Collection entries

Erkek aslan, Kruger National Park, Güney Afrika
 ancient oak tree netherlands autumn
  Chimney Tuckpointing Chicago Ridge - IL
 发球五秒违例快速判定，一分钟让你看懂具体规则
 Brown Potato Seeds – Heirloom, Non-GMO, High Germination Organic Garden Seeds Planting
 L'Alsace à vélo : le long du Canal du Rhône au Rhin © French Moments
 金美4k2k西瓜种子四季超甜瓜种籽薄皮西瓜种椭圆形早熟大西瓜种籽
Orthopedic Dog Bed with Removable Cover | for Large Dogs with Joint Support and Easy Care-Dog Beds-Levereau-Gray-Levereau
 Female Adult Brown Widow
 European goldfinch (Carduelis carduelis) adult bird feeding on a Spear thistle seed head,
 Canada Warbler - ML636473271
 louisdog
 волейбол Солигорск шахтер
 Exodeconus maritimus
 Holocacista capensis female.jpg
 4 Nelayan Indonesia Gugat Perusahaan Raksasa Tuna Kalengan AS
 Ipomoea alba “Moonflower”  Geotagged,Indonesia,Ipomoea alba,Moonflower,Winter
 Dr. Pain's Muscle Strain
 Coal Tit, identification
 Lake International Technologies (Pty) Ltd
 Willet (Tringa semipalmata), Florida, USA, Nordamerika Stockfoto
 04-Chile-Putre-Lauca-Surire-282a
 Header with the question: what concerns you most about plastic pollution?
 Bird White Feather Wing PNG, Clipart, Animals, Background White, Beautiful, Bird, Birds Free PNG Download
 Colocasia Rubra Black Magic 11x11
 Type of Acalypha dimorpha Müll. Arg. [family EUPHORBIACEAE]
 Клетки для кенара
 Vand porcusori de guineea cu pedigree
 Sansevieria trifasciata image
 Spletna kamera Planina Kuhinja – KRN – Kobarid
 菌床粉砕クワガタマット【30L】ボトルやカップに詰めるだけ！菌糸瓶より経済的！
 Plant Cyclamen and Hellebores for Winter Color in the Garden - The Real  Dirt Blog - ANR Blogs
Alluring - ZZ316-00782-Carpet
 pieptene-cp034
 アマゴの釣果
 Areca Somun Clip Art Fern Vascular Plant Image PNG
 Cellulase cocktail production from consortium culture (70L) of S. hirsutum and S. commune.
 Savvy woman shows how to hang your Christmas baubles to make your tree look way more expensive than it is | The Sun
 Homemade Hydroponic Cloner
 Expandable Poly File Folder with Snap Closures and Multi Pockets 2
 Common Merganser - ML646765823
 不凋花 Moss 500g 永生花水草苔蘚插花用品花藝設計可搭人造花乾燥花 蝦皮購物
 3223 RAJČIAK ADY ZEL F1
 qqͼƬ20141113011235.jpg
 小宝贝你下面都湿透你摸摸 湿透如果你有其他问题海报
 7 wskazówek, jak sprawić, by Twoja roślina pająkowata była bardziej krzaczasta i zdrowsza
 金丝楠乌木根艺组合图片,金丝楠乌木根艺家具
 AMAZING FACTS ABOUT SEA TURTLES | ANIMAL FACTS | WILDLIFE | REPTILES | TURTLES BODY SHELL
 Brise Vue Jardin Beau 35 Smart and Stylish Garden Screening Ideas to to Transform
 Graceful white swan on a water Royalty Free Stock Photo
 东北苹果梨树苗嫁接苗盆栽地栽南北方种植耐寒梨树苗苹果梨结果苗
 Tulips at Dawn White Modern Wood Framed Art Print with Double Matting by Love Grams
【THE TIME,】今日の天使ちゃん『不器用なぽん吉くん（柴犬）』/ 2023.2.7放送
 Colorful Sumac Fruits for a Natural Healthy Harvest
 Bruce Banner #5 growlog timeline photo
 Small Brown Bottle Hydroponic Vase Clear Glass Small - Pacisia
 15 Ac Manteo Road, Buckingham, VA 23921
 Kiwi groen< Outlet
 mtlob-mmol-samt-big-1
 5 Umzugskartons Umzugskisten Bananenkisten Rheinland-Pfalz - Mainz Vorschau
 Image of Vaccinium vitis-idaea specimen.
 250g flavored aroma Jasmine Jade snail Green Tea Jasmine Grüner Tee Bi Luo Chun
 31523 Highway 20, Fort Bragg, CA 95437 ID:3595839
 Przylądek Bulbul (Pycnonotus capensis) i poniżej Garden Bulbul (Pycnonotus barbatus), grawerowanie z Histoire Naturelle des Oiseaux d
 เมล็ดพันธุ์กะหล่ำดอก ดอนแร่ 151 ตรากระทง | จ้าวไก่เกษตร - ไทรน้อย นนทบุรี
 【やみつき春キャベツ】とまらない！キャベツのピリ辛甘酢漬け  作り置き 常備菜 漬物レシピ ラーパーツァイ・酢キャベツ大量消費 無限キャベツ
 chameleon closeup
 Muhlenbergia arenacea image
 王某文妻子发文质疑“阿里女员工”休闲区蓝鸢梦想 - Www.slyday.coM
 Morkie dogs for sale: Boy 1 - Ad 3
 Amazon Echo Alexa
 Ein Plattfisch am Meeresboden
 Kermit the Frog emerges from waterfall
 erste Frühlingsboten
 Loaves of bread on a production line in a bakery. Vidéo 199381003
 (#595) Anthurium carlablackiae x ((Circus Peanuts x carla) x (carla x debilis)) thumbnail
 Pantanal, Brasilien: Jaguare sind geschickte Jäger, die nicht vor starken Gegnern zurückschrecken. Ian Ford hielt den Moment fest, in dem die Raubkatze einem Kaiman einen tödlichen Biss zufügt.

- **TASK ITEM**
The task requires each record above to be restated exactly.

- **OUTPUT**
Erkek aslan, Kruger National Park, Güney Afrika
 ancient oak tree netherlands autumn
  Chimney Tuckpointing Chicago Ridge - IL
 发球五秒违例快速判定，一分钟让你看懂具体规则
 Brown Potato Seeds – Heirloom, Non-GMO, High Germination Organic Garden Seeds Planting
 L'Alsace à vélo : le long du Canal du Rhône au Rhin © French Moments
 金美4k2k西瓜种子四季超甜瓜种籽薄皮西瓜种椭圆形早熟大西瓜种籽
Orthopedic Dog Bed with Removable Cover | for Large Dogs with Joint Support and Easy Care-Dog Beds-Levereau-Gray-Levereau
 Female Adult Brown Widow
 European goldfinch (Carduelis carduelis) adult bird feeding on a Spear thistle seed head,
 Canada Warbler - ML636473271
 louisdog
 волейбол Солигорск шахтер
 Exodeconus maritimus
 Holocacista capensis female.jpg
 4 Nelayan Indonesia Gugat Perusahaan Raksasa Tuna Kalengan AS
 Ipomoea alba “Moonflower”  Geotagged,Indonesia,Ipomoea alba,Moonflower,Winter
 Dr. Pain's Muscle Strain
 Coal Tit, identification
 Lake International Technologies (Pty) Ltd
 Willet (Tringa semipalmata), Florida, USA, Nordamerika Stockfoto
 04-Chile-Putre-Lauca-Surire-282a
 Header with the question: what concerns you most about plastic pollution?
 Bird White Feather Wing PNG, Clipart, Animals, Background White, Beautiful, Bird, Birds Free PNG Download
 Colocasia Rubra Black Magic 11x11
 Type of Acalypha dimorpha Müll. Arg. [family EUPHORBIACEAE]
 Клетки для кенара
 Vand porcusori de guineea cu pedigree
 Sansevieria trifasciata image
 Spletna kamera Planina Kuhinja – KRN – Kobarid
 菌床粉砕クワガタマット【30L】ボトルやカップに詰めるだけ！菌糸瓶より経済的！
 Plant Cyclamen and Hellebores for Winter Color in the Garden - The Real  Dirt Blog - ANR Blogs
Alluring - ZZ316-00782-Carpet
 pieptene-cp034
 アマゴの釣果
 Areca Somun Clip Art Fern Vascular Plant Image PNG
 Cellulase cocktail production from consortium culture (70L) of S. hirsutum and S. commune.
 Savvy woman shows how to hang your Christmas baubles to make your tree look way more expensive than it is | The Sun
 Homemade Hydroponic Cloner
 Expandable Poly File Folder with Snap Closures and Multi Pockets 2
 Common Merganser - ML646765823
 不凋花 Moss 500g 永生花水草苔蘚插花用品花藝設計可搭人造花乾燥花 蝦皮購物
 3223 RAJČIAK ADY ZEL F1
 qqͼƬ20141113011235.jpg
 小宝贝你下面都湿透你摸摸 湿透如果你有其他问题海报
 7 wskazówek, jak sprawić, by Twoja roślina pająkowata była bardziej krzaczasta i zdrowsza
 金丝楠乌木根艺组合图片,金丝楠乌木根艺家具
 AMAZING FACTS ABOUT SEA TURTLES | ANIMAL FACTS | WILDLIFE | REPTILES | TURTLES BODY SHELL
 Brise Vue Jardin Beau 35 Smart and Stylish Garden Screening Ideas to to Transform
 Graceful white swan on a water Royalty Free Stock Photo
 东北苹果梨树苗嫁接苗盆栽地栽南北方种植耐寒梨树苗苹果梨结果苗
 Tulips at Dawn White Modern Wood Framed Art Print with Double Matting by Love Grams
【THE TIME,】今日の天使ちゃん『不器用なぽん吉くん（柴犬）』/ 2023.2.7放送
 Colorful Sumac Fruits for a Natural Healthy Harvest
 Bruce Banner #5 growlog timeline photo
 Small Brown Bottle Hydroponic Vase Clear Glass Small - Pacisia
 15 Ac Manteo Road, Buckingham, VA 23921
 Kiwi groen< Outlet
 mtlob-mmol-samt-big-1
 5 Umzugskartons Umzugskisten Bananenkisten Rheinland-Pfalz - Mainz Vorschau
 Image of Vaccinium vitis-idaea specimen.
 250g flavored aroma Jasmine Jade snail Green Tea Jasmine Grüner Tee Bi Luo Chun
 31523 Highway 20, Fort Bragg, CA 95437 ID:3595839
 Przylądek Bulbul (Pycnonotus capensis) i poniżej Garden Bulbul (Pycnonotus barbatus), grawerowanie z Histoire Naturelle des Oiseaux d
 เมล็ดพันธุ์กะหล่ำดอก ดอนแร่ 151 ตรากระทง | จ้าวไก่เกษตร - ไทรน้อย นนทบุรี
 【やみつき春キャベツ】とまらない！キャベツのピリ辛甘酢漬け  作り置き 常備菜 漬物レシピ ラーパーツァイ・酢キャベツ大量消費 無限キャベツ
 chameleon closeup
 Muhlenbergia arenacea image
 王某文妻子发文质疑“阿里女员工”休闲区蓝鸢梦想 - Www.slyday.coM
 Morkie dogs for sale: Boy 1 - Ad 3
 Amazon Echo Alexa
 Ein Plattfisch am Meeresboden
 Kermit the Frog emerges from waterfall
 erste Frühlingsboten
 Loaves of bread on a production line in a bakery. Vidéo 199381003
 (#595) Anthurium carlablackiae x ((Circus Peanuts x carla) x (carla x debilis)) thumbnail
 Pantanal, Brasilien: Jaguare sind geschickte Jäger, die nicht vor starken Gegnern zurückschrecken. Ian Ford hielt den Moment fest, in dem die Raubkatze einem Kaiman einen tödlichen Biss zufügt.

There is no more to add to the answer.